A nurse is collecting data from a client who is 1 day postoperative following abdominal surgery. Which of the following findings is the priority for the nurse to report to the provider? A. The client reports incisional pain as 7 on a scale of 0 to 10. B. The client reports increased nausea and chills. C. The client has an oral temperature of 38.5° C (101.3° F). D. The client has tenderness and warmth in their calf.

D. The client has tenderness and warmth in their calf. When using the airway, breathing, circulation approach to client care, the nurse should determine that the priority finding to report is tenderness and warmth in the client's calf, which can indicate the presence of a thrombus. If it moves from the vein to the heart, brain, or lungs, it can cause life-threatening complications.
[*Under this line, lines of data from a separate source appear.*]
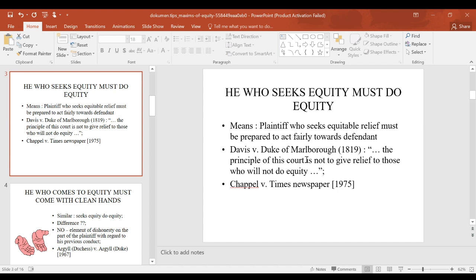There is the famous case of Davis v Duke, an 1819 case, where the court categorically stated that the principle of this court is not to give relief to those who will not do equity. That means if the plaintiff is trying to get a remedy in court, he must also be prepared to be fair and do equity to the other party as well.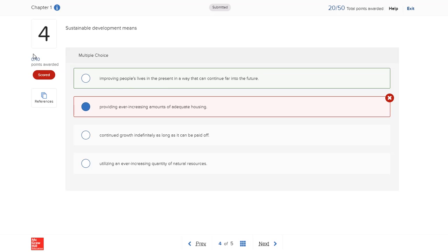Notice the points you earned for the question and the instructor's comments, which might be in a written or voice-recorded format. Review the instructor's comments to see the correct response or look at the explanation for additional information.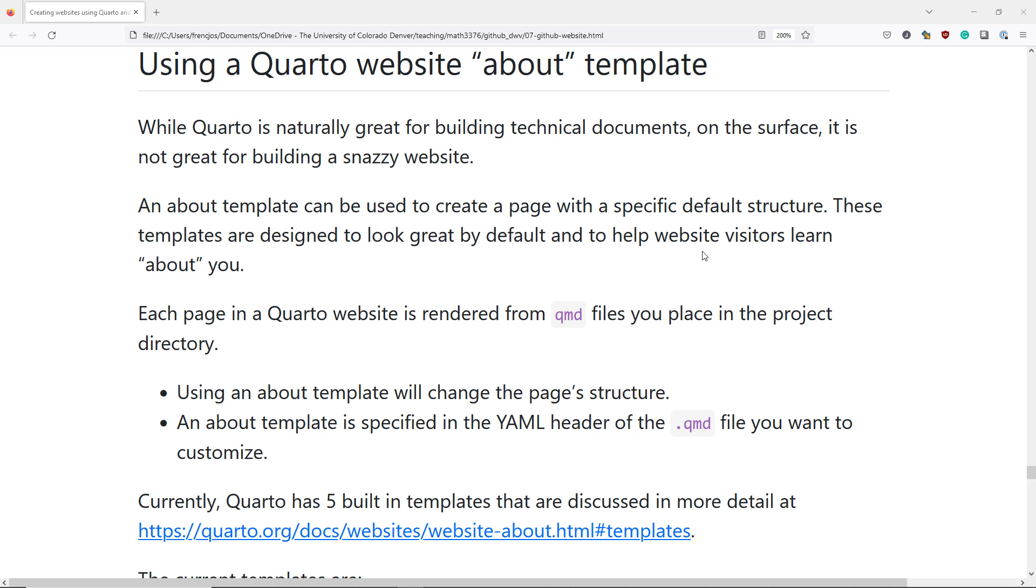In this video, we're going to talk about how to use Quarto to make a homepage that looks very professional and clean.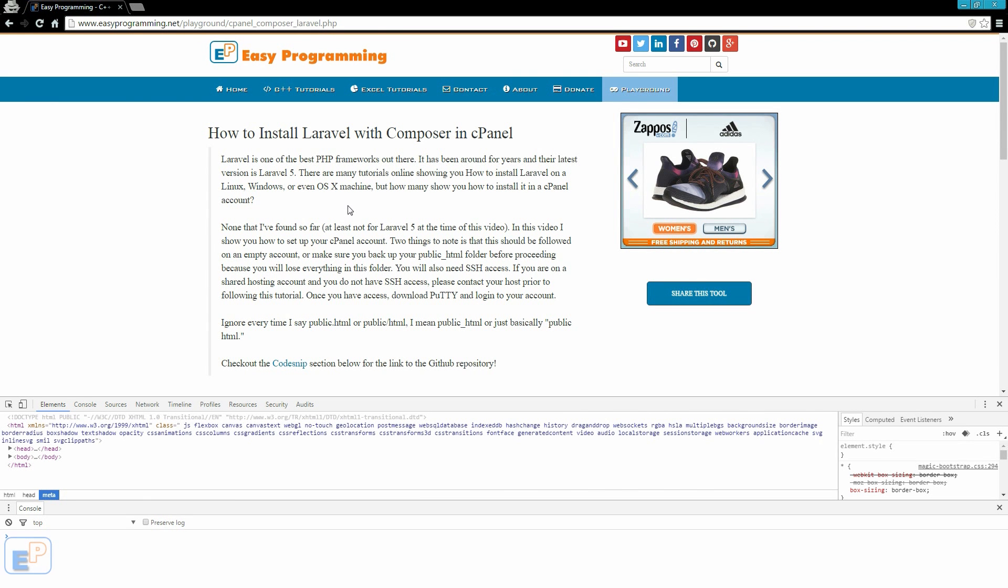Hi there! Welcome to a special tutorial from easyprogramming.net. Today I want to lay some groundwork for a future tutorial series in JavaScript.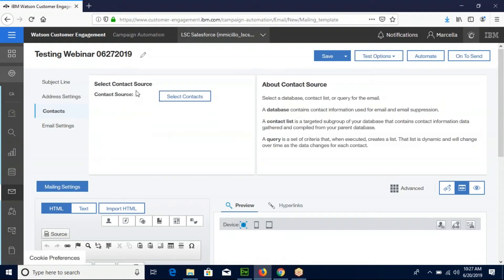Now select the contact source of your choice. We will be sending this mailing to the database we created in our first video.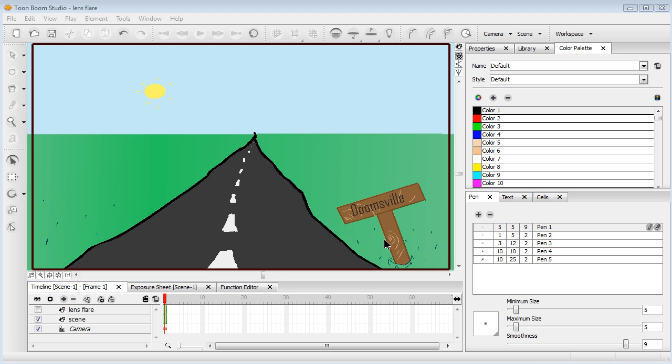Hello and welcome to another Toon Boom Studio tutorial from TuckHast.com. I'm Daniel Allen from YouTube.com/DanOnABouncyCastle. Today we are going to be creating a lens flare inside of Toon Boom.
A nurse is caring for a client who has chronic kidney disease. The nurse should identify that which of the following findings is the priority to report to the provider? A. Client reports voiding three times during the night. B. Client reports burning and discomfort with urination. C. The client's WBC count is 11,000/mm3. D. The client's output was 60 mL for the past 3 hr.

D. The client's output was 60 mL for the past 3 hr. When using the urgent vs. nonurgent approach to client care, the nurse should determine that the priority finding to report to the provider is a urinary output of 60 mL over 3 hr. This finding represents oliguria and can indicate a decrease in kidney perfusion or function.

A nurse is preparing to obtain a client's vital signs. Which of the following actions should the nurse take when washing their hands? A. Rinse their forearms with running water before applying soap. B. Hold their hands above elbow level while washing and rinsing. C. Generate a lather by rubbing their hands together vigorously for 5 seconds. D. Turn off the faucet with a clean paper towel after drying hands.

D. Turn off the faucet with a clean paper towel after drying hands. If the nurse's hands are wet or the paper towel is wet when they turn off the faucet, they increase the risk of transferring micro-organisms from the faucet back to their hands.

A nurse is reinforcing teaching with a client who speaks a different language than the nurse. Which of the following actions should the nurse take? A. Avoid using gestures when communicating with the client. B. Communicate with the client using a translation dictionary. C. Speak loudly when communicating with the client. D. Use printed materials written in the client's language.

D. Use printed materials written in the client's language. The nurse should use printed materials written in the client's language to reinforce teaching for the client and promote understanding.